Showing posts with label Bianchi. Show all posts
Showing posts with label Bianchi. Show all posts

Thursday, October 23, 2008

Long Division...

I'm not your villain,
not your adversary,
I'm not your reason
to crack and divide.
tt's long division,
crack and divide.

—Fugazi, "Long Division"

Sometimes a creaking bottom bracket isn't a creaking bottom bracket.

You begin to understand this, to believe it, yesterday, on the morning commute, when a faint creaking sound suddenly interrupts the gap between songs on the Shuffle, in the interlude between, say, "Heart and Soul" and "Twenty-Four Hours". It happens when you stand and deliver, particularly on climbs. At first, you dismiss it as simply a rogue pack buckle banging idly against a seat stay. You ride on, hard, fast, passing other riders and staying past them, dropping curbs to advantage. The creaking continues.

A little over halfway to work, the sound is persistent enough that you pull over to inspect the cranks and chainring. Everything checks out fine. You hop back on the bike and pursue the rider who passed you while you were stopped. The sound continues and you dismiss it as the meaningless moaning of friction, the settling in of unsettled parts, feckless frottage between formerly friendly surfaces. In other words, a creaking bottom bracket.
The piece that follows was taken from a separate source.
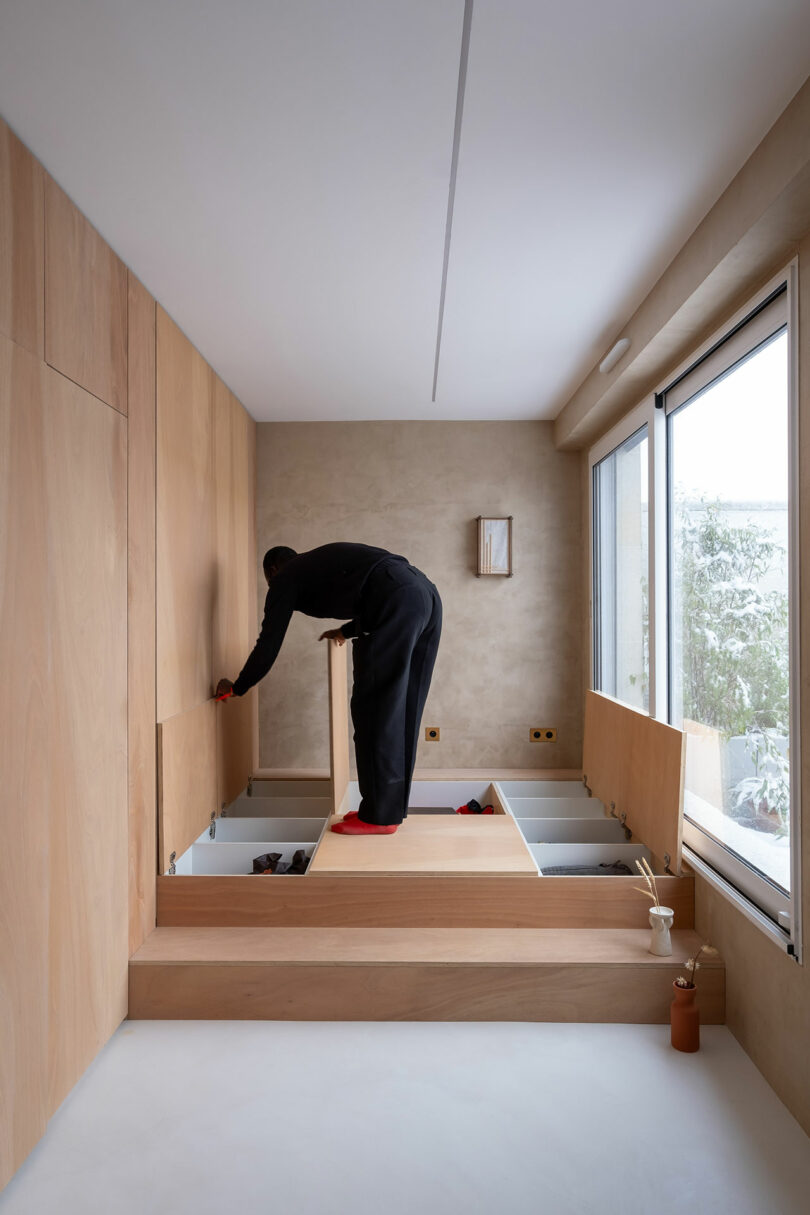 A person stands on a wooden platform with built-in storage compartments, opening one lid in a minimalist room with large windows and light wood paneling.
You arrive at work and the work day passes.

The next morning, same damn scenario, all the way up until about a mile into the ride home, when you've had enough. You execute a couple of low trackstand hops just to see if everything will hold together under moderate force, to approach an unknown threshold—dammit, if something's going to give, it's going to give under your terms. The post-hop creaking is louder, worse. Something has changed. You look down at the bike between your legs and notice a dagger of missing paint crossing the down tube some six inches below its junction with the head tube. Uh oh.

Sometimes a creaking bottom bracket isn't a creaking bottom bracket.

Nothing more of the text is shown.